» AVAILABLE DATA
□ □ □ □ □ □ □

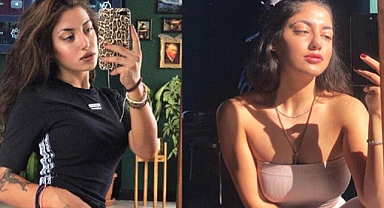 İlklima Naz Akbörü ,20 yaşındaki kadın sahilde tabancayla başından vurulmuş halde bulundu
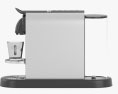 Nespresso CitiZ Platinum D Coffee Machine 3d model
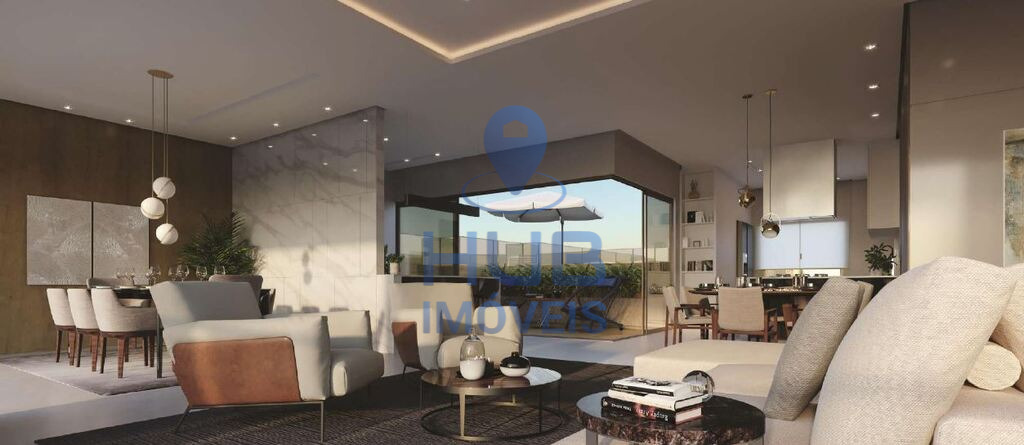 Apartamento, 138 m² - Foto 9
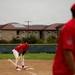 I MIG holds HMMR Series Softball Tournament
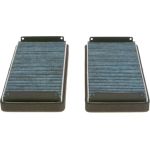 Bosch Innenraumfilter+ 0 986 628 528 Bosch Innenraumfilter+ 0 986 628 528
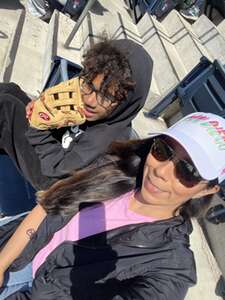 San Diego Padres - MLB vs Arizona Diamondbacks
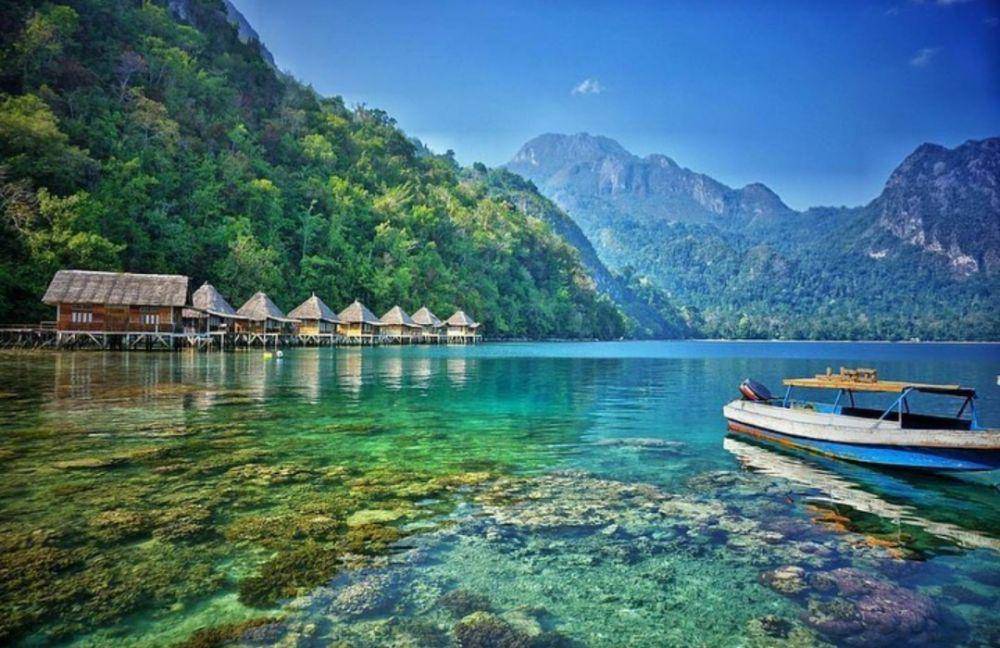 Pantai Ora (instagram.com/sigoescom)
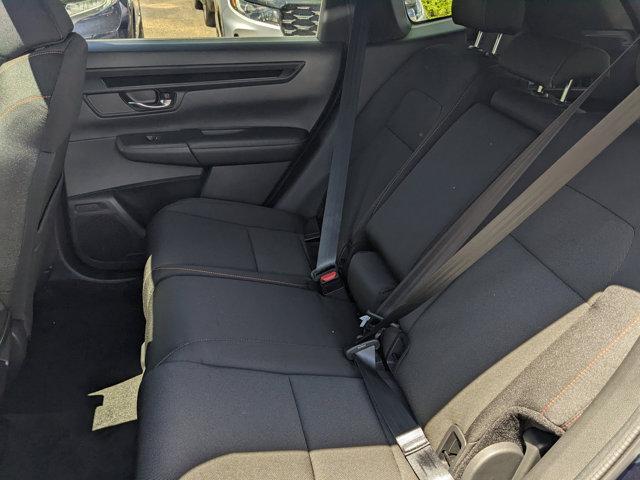 new 2025 Honda Civic Hybrid car, priced at $30,555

□ □ □ □ □ □ □

» TRY IT
Reproduce all of the data exactly; the pictures do not belong in the copy.

» RESULT FOR THIS EXERCISE
 İlklima Naz Akbörü ,20 yaşındaki kadın sahilde tabancayla başından vurulmuş halde bulundu
 Nespresso CitiZ Platinum D Coffee Machine 3d model
 Apartamento, 138 m² - Foto 9
 I MIG holds HMMR Series Softball Tournament
 Bosch Innenraumfilter+ 0 986 628 528 Bosch Innenraumfilter+ 0 986 628 528
 San Diego Padres - MLB vs Arizona Diamondbacks
 Pantai Ora (instagram.com/sigoescom)
 new 2025 Honda Civic Hybrid car, priced at $30,555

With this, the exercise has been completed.